Exercise brief =>
Leaving out every picture, transcribe the lines from the line that contains "Republican Chinese Bronze" to the end of the entries below, both ends included.

╔══

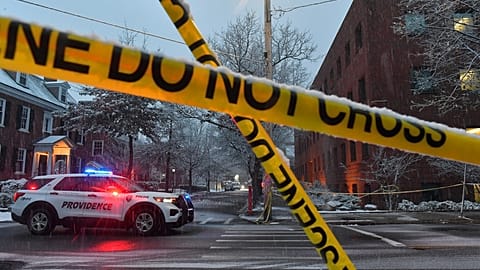 A police vehicle is parked at an intersection near crime scene tape at Brown University, 14 December 2025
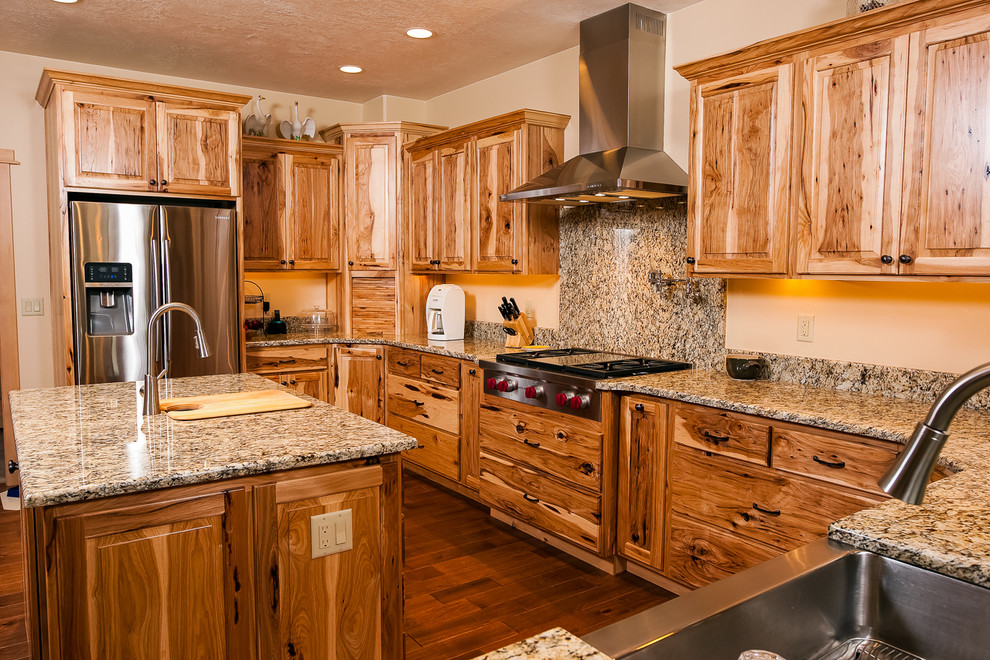 Foto på ett stort amerikanskt kök, med en rustik diskho, skåp i ljust trä, granitbänkskiva, beige stänkskydd, rostfria vitvaror, mörkt trägolv och en köksö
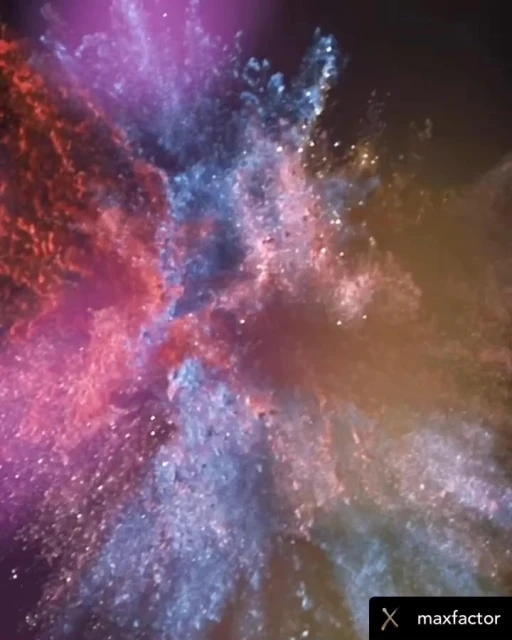 Abstract splash of blue, purple, orange, and pink dust powder against a dark background with the logo 'maxfactor' at the bottom.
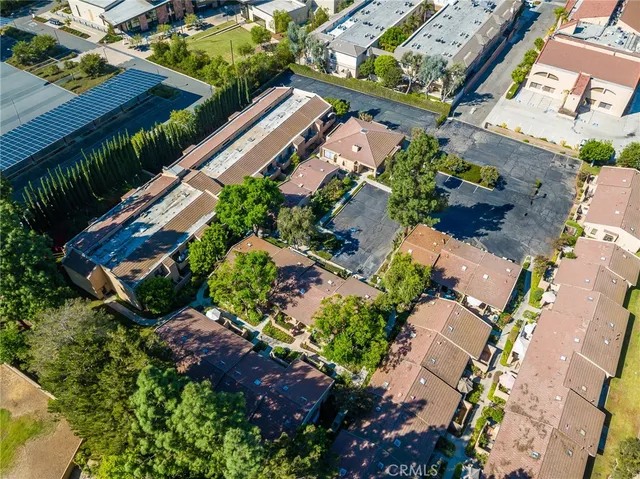 an aerial view of a house with a yard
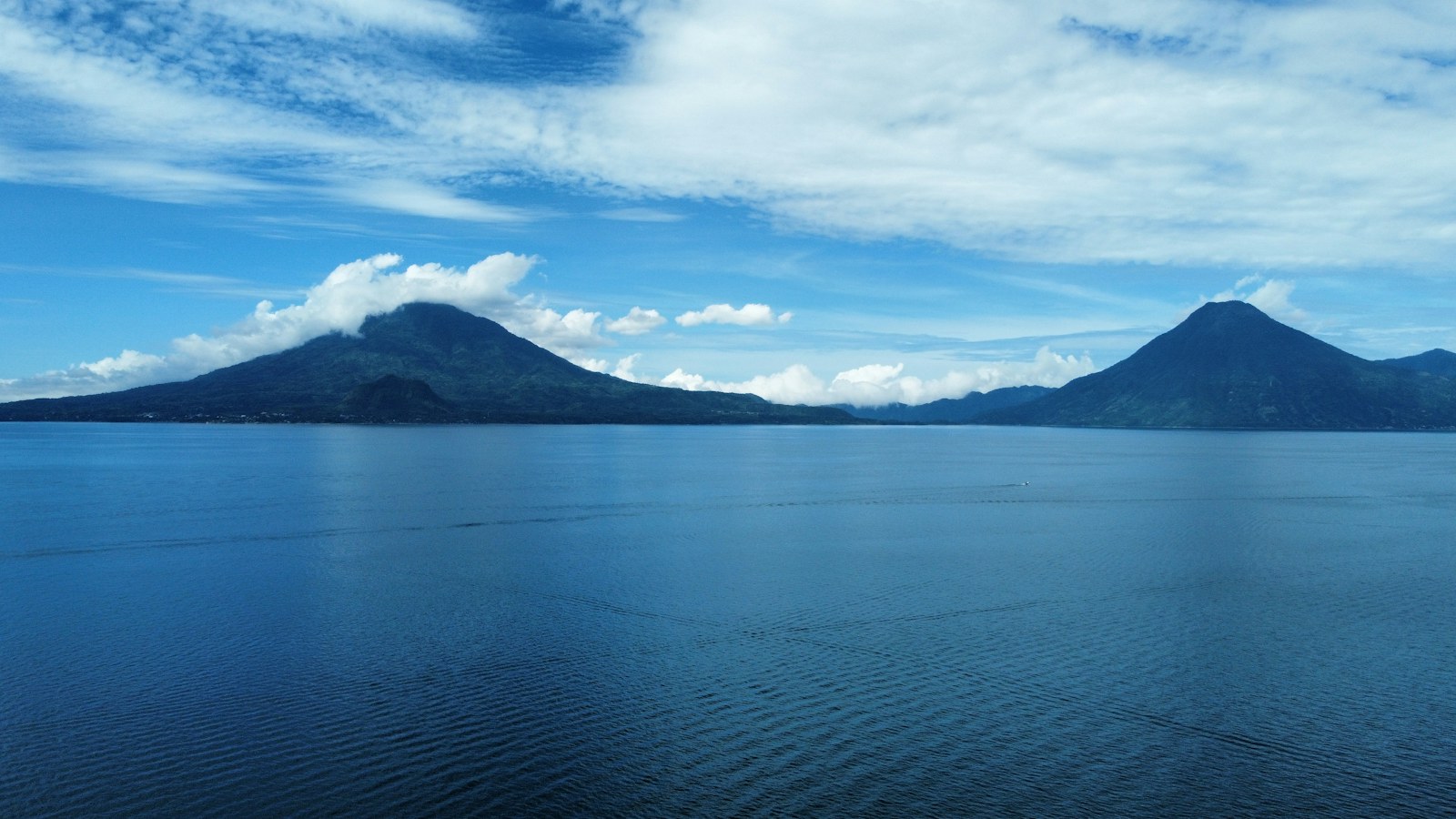 Lake Atitlán with volcanoes beyond the water in Guatemala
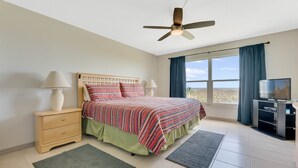A bedroom with a bed, two bedside tables, a ceiling fan, a TV, and a large window with curtains. - Oceanfront Condo, Family Friendly Close To Orlando Attractions (Cocoa Beach)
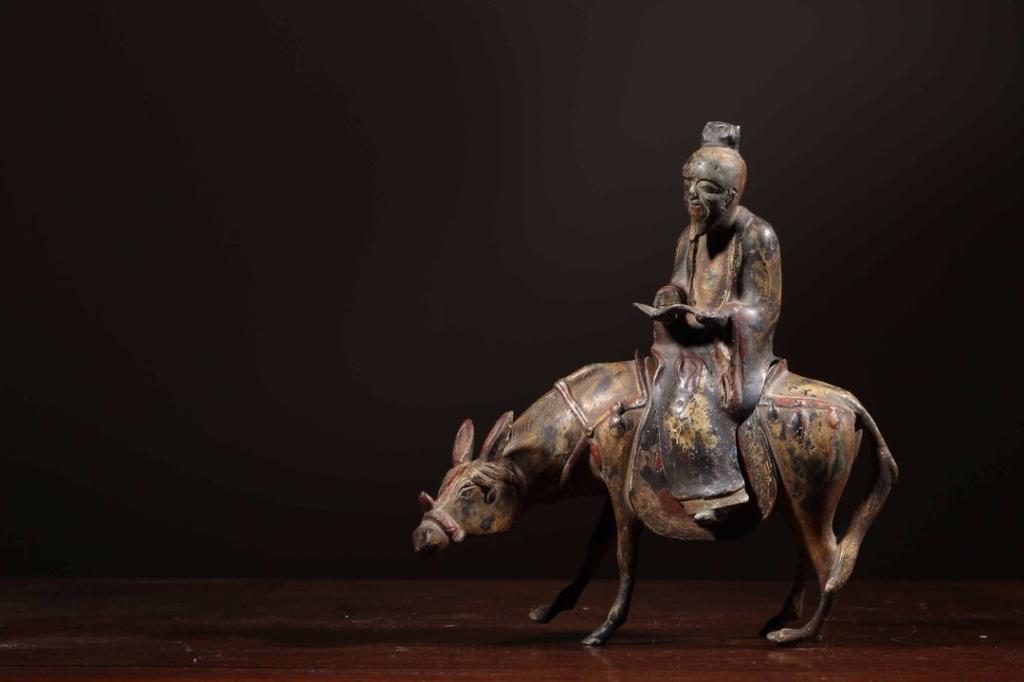 Republican Chinese Bronze Man Ride on Donkey: 22cm L 23cm H 8.8cm W Please note the absence of a condition report does not imply that there are no condition issues with this lot. Please contact us for a detailed condition report.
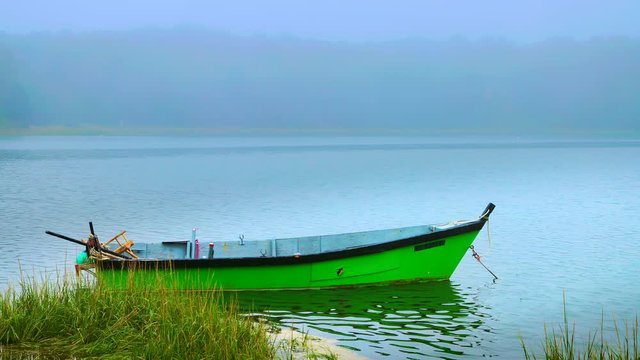Cute little green rowboat dinghy moored in a foggy marshland on Cape Cod
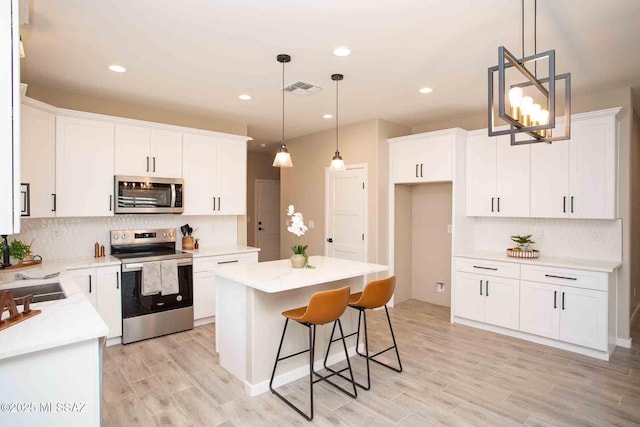 kitchen featuring stainless steel appliances, a kitchen island, and white cabinets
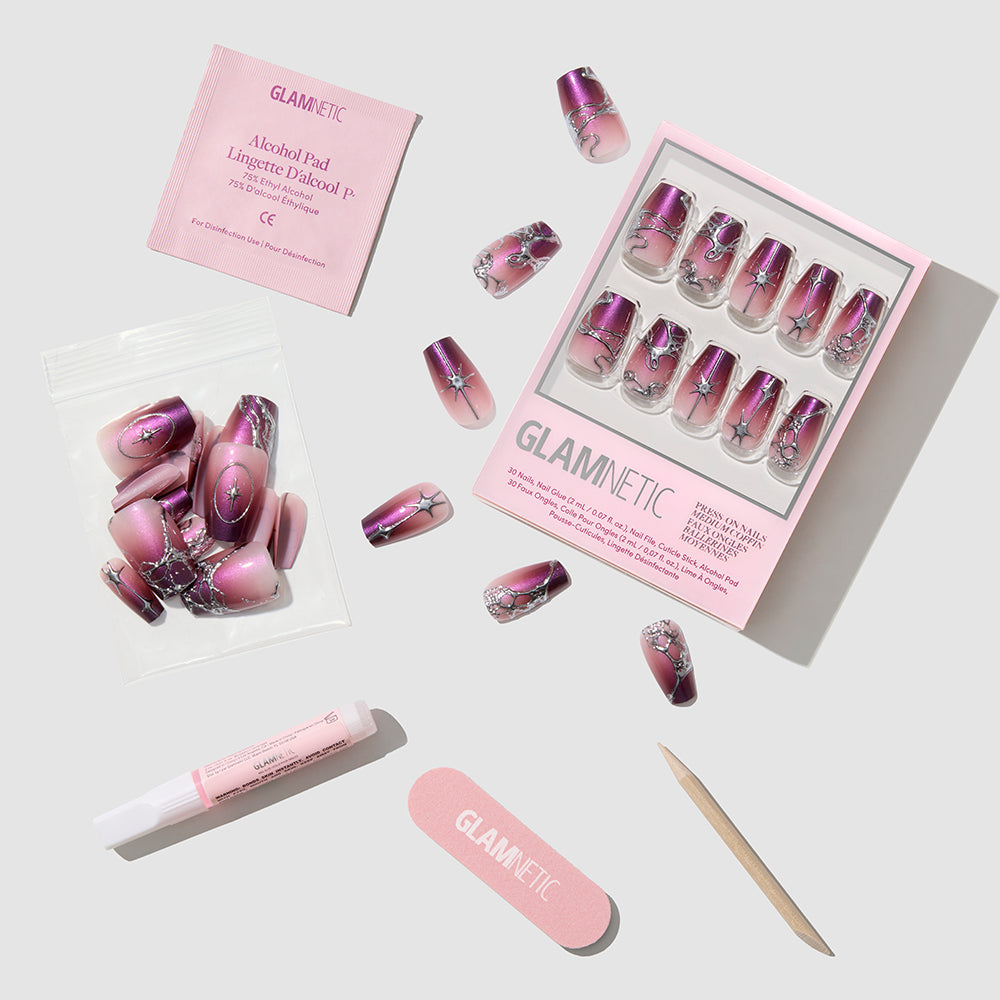 The Immortal Kiss press-on nails set by glamnetic, featuring pink and purple glossy ombre coffin nails, along with glue, a nail file, a wooden cuticle stick, an alcohol pad, and extra nails, is neatly arranged on a white background. - Product image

╚══

Solution for this problem =>
 Republican Chinese Bronze Man Ride on Donkey: 22cm L 23cm H 8.8cm W Please note the absence of a condition report does not imply that there are no condition issues with this lot. Please contact us for a detailed condition report.
Cute little green rowboat dinghy moored in a foggy marshland on Cape Cod
 kitchen featuring stainless steel appliances, a kitchen island, and white cabinets
 The Immortal Kiss press-on nails set by glamnetic, featuring pink and purple glossy ombre coffin nails, along with glue, a nail file, a wooden cuticle stick, an alcohol pad, and extra nails, is neatly arranged on a white background. - Product image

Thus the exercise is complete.